What does “depreciation” mean, anyway?

Before we talk about the depreciation of houseboats, let’s break it down by definition. What does “depreciation” mean? The most common definition of depreciation refers to the reduction of the value of an item after time.

Most of the time this has to do with the regular wear and tear of the item, excessively or not.

If you bought the houseboat to use as an office or for your business, you may be able to itemize a portion of the cost of the houseboat (and the maintenance/utilities needed to work within the perimeter of the property) on your taxes.

The IRS laws on depreciation are as follows:

  • You must own the property.
  • You must use it for your business or the activity in which you produce income.
  • The houseboat must have a “determinable useful life.”
  • It must last more than a year.
  • It can’t be “excepted property”. According to the IRS.gov website (https://www.irs.gov/taxtopics/tc704), this is defined as property which includes “certain intangible property, certain term interests, equipment used to build capital improvements, and property placed in service and disposed of in the same year. “

 

What types of houseboats are there?

There are generally two different types of houseboats, though that number may be controversial to some.

  1. The first type of houseboat is a converted commercial barge. These are pretty self-explanatory. Either a company or a boater, has taken a commercial barge and has converted it into a houseboat.
    These barges (since it is built to withstand a lot due to its commercial background) are usually pretty sound and sturdy.
  2. The second type of houseboat is a purpose-built pontoon. These types of houseboats were engineered to be houseboats. They are built on a pontoon base with a motor.

The Biggest Floating Home Communities

Portland and Seattle are two places with large floating home communities, probably due to the temperate weather, the environment, and a large amount of water surrounding the areas.

The movie, “Sleepless in Seattle” even featured a houseboat. That one, in particular, was a real floating home which was built in 1978. It was put on the market in 2008 for 1.2 million dollars. It sold in 2014 for over $2,000,000. Talk about appreciation.

It has more than 2,000 square feet, which makes it one of the largest floating homes on Lake Union. There are some other wonderful floating homes in Seattle and they are mostly (significantly) less expensive than the $2,000,000 Sleepless in Seattle home, and most of the regular housing as well.

If you’re looking for a floating home or a houseboat that will yield a bigger return than a regular home built on a foundation, consider looking into a floating home.

This, of course, depends on the type of fixing which is required to put the home on the market again.

If this interests you, check with a yacht broker to see what the returns would be considering the current trends in yacht ownership in your area.

A real estate agent would be able to answer a few questions in that regard as well.

Final Thoughts:

When you look into different brands and types of houseboats, you’ll find that there are aspects that are different with each boat, within the same category of boat. The similarities normally lie in the motor size, the size of the boat, the shape of the boat, and the various accessories it will come with.

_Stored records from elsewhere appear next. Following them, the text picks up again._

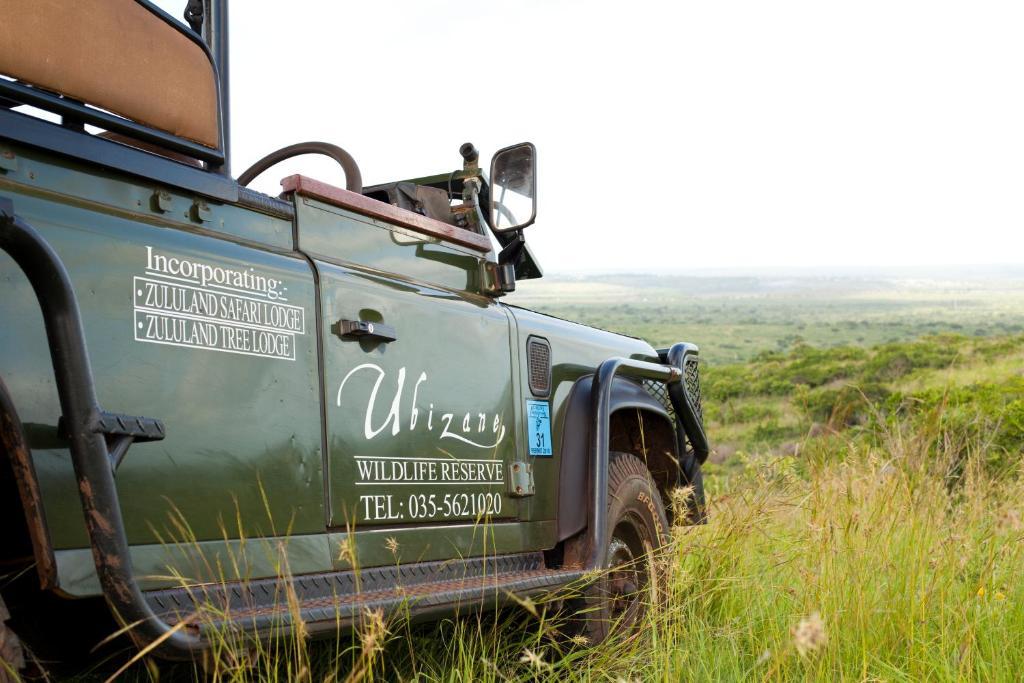 Zululand Safari Lodge Hluhluwe Exterior foto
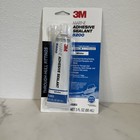 3M Marine Adhesive Sealant 5200, White, 3 oz Tube D1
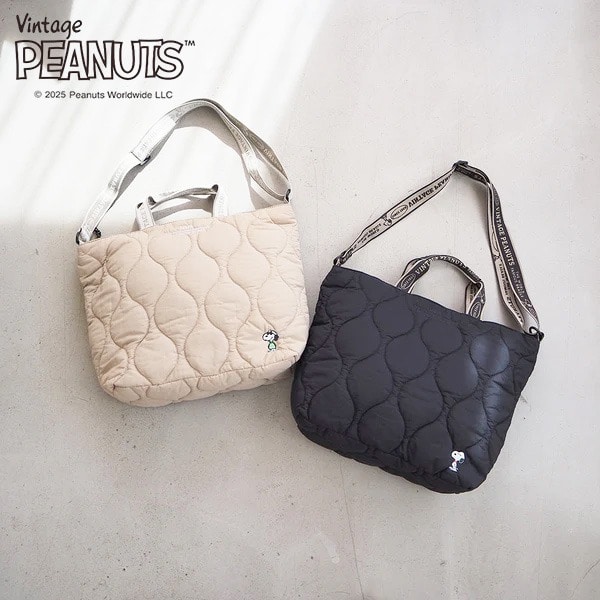 PEARLY スヌーピー トートバッグ PEARLY GATES（パーリーゲイツ） トートバッグ 「PEARLY GATES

The differences are mostly cosmetic but can add to the depreciation of the boat: color, trim, seats, etc.

I would advise you to take your time while you are choosing a boat. After all, you need to be able to do the appropriate amount of research. There is so much to consider. New or used? Power/motorized or floating houseboat? Smaller superyacht or a catamaran?

What do you want to do with the houseboat? How many people will be spending time on it on a regular basis?

Self-propelled houseboats depreciate at a similar and reasonable rate as long as all of these factors are maintained by the owner. If you’re planning on buying a houseboat, make sure you take care of it in order to retain the value of it, when you end up selling it.

Great Rule of Thumb

Unless you’re talking about a floating home, the rule of thumb for boat depreciation (including houseboats) is this:

You’ll depreciate about 30% within the first five years and on until you hit about $100 per foot of boat.